(Stored items)

========

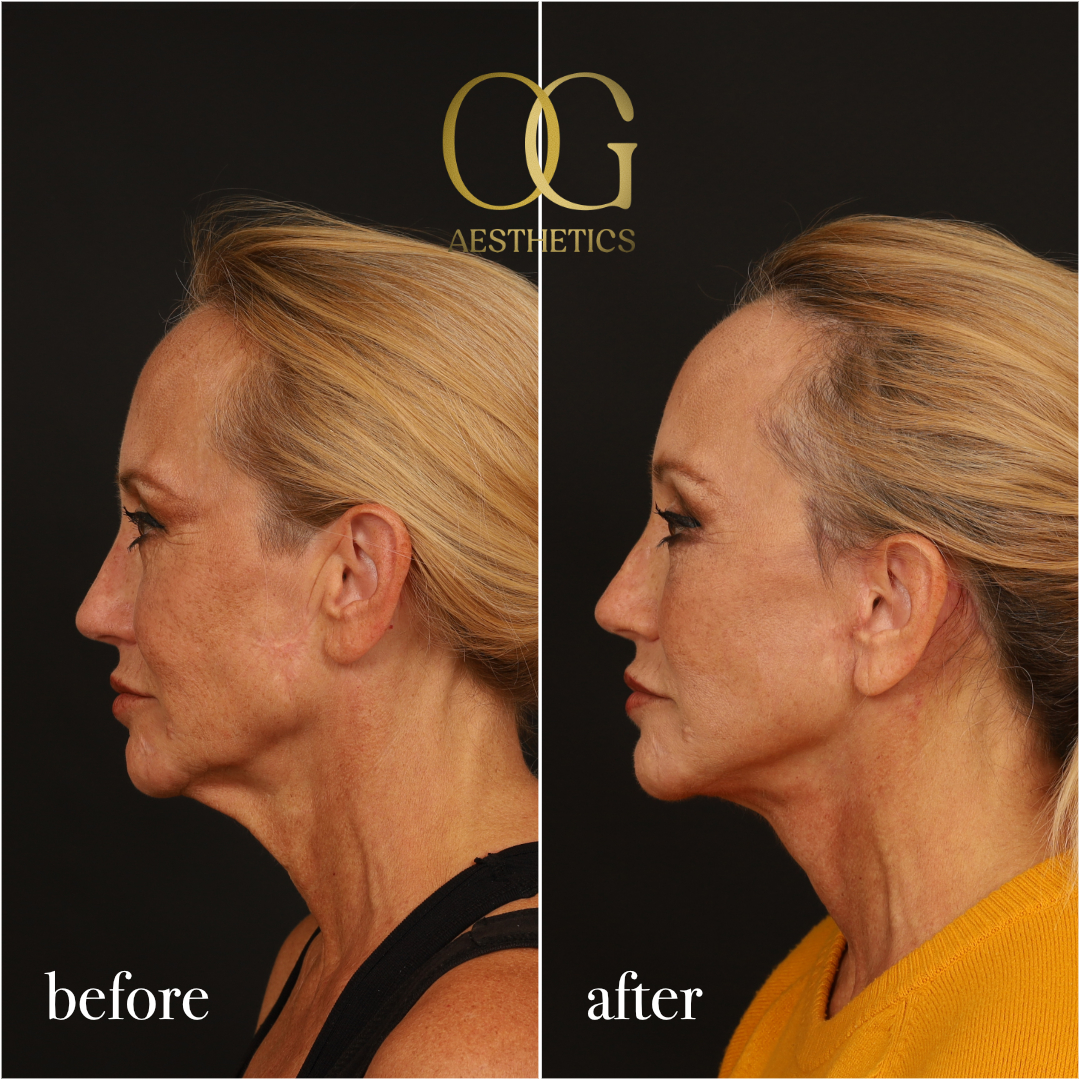 Facelift Before & After Gallery - Patient 277022 - Image 6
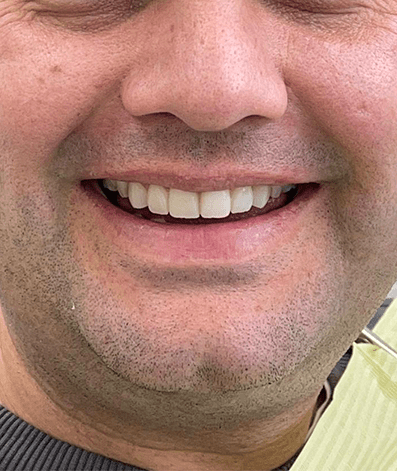 After - GM Dental & Implant Centre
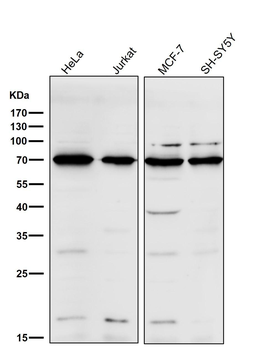CD86 Rabbit mAb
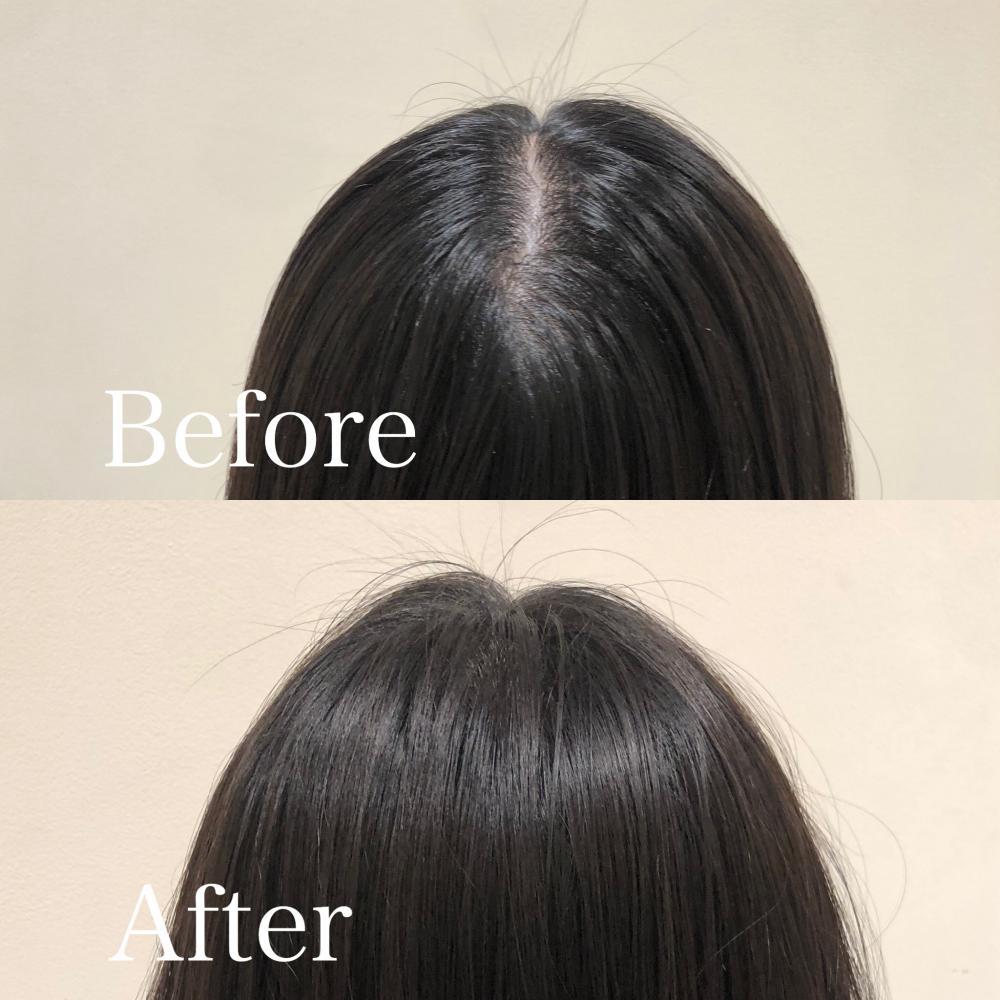 新宿 neolive】韓国発！大人気根元パーマ：L092470032｜オリーブスバイ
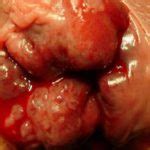 Internal medicine certification examination blueprint purpose of the exam the exam is designed to evaluate the knowledge, diagnostic reasoning, and clinical judgment skills expected of the certified internist in the broad domain of the discipline. Female hemorrhoids photos, pictures of pregnancy ...
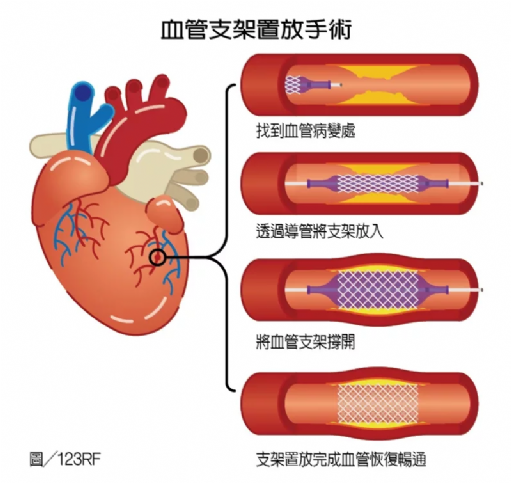 急性心肌梗塞猝死率高 3種血管支架如何選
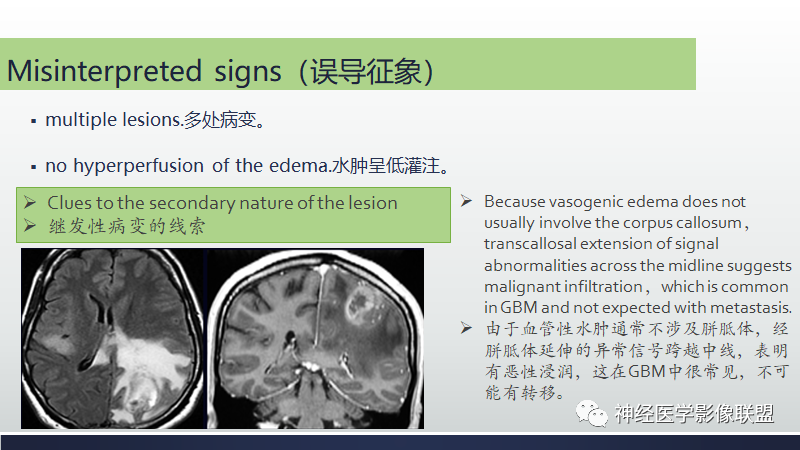 影像PPT - 【PPT】脑肿瘤和肿瘤样病变中的遗漏、误解和误导性影像征象-29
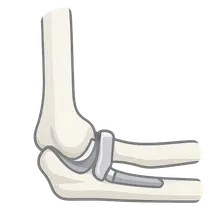 Elbow Arthroplasty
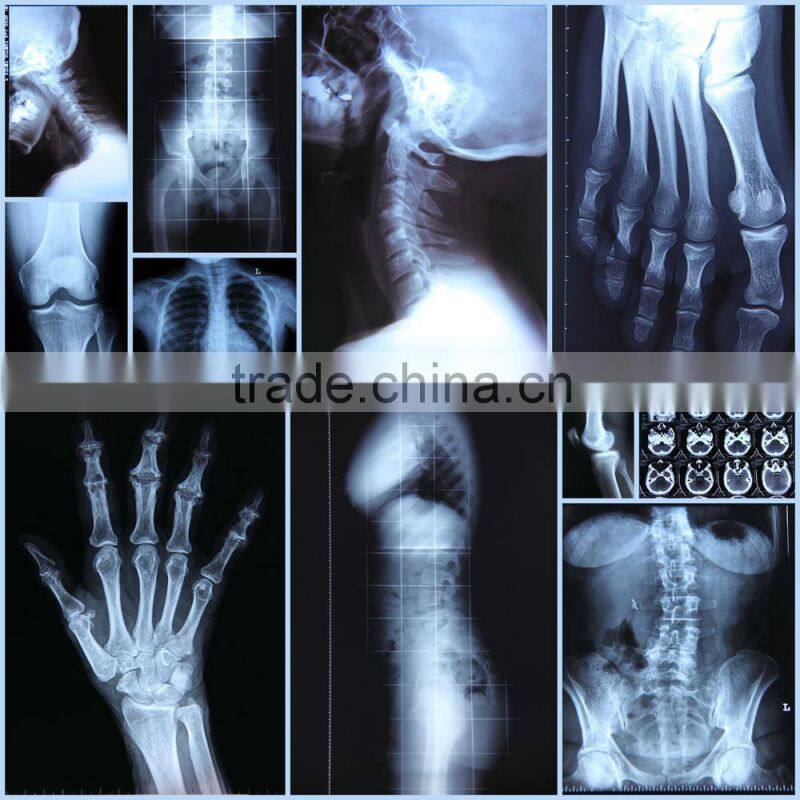 China fuji medical x-ray film KND film with CE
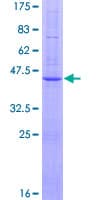 Human BBS10 Protein (Recombinant GST)
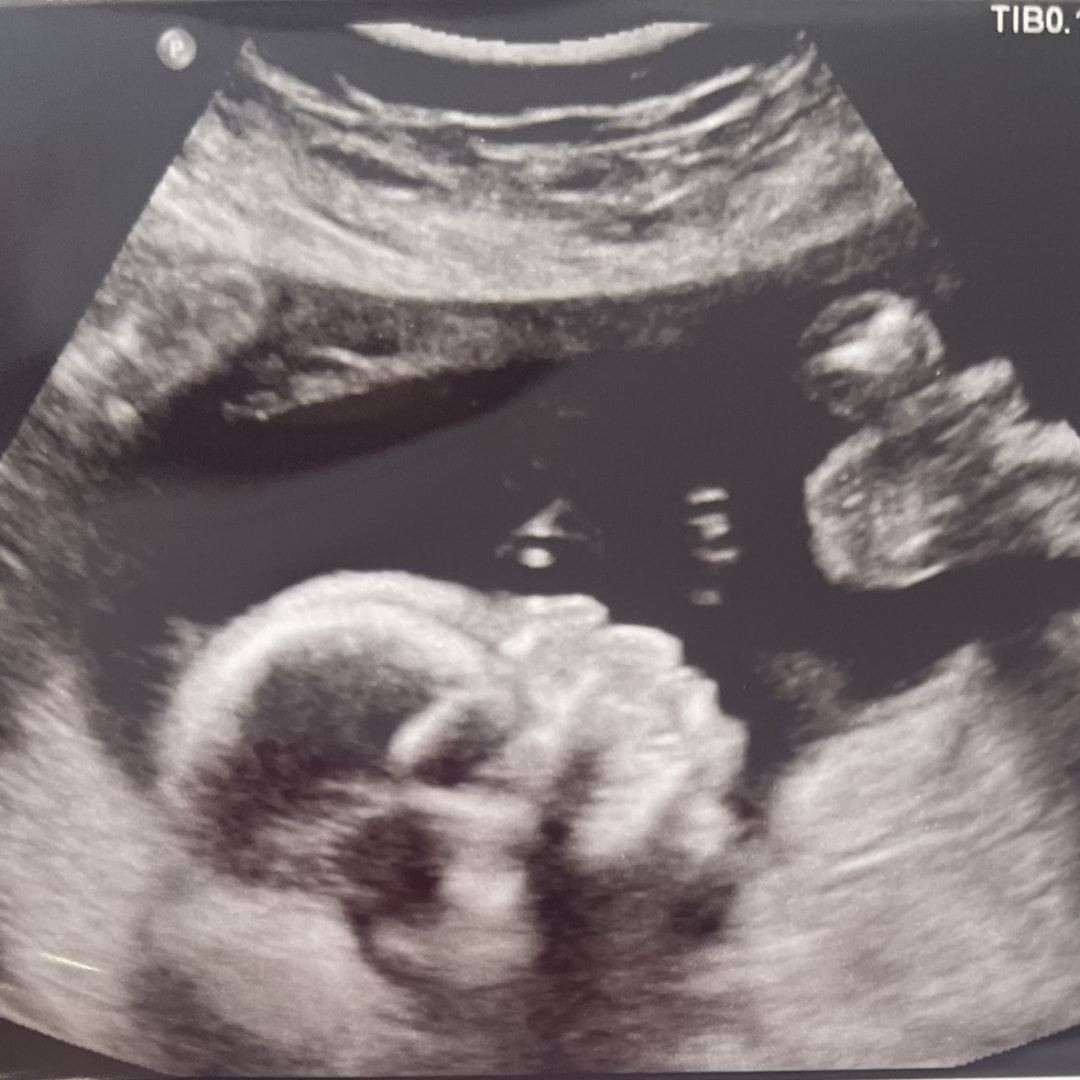 Photo shared by Jonathan for their Babylist baby registry.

========

What should be set down is every line from the opening of the records through the line that contains "新宿 neolive】韓国発", exactly, with pictures left out.

ANSWER:
 Facelift Before & After Gallery - Patient 277022 - Image 6
 After - GM Dental & Implant Centre
CD86 Rabbit mAb
 新宿 neolive】韓国発！大人気根元パーマ：L092470032｜オリーブスバイ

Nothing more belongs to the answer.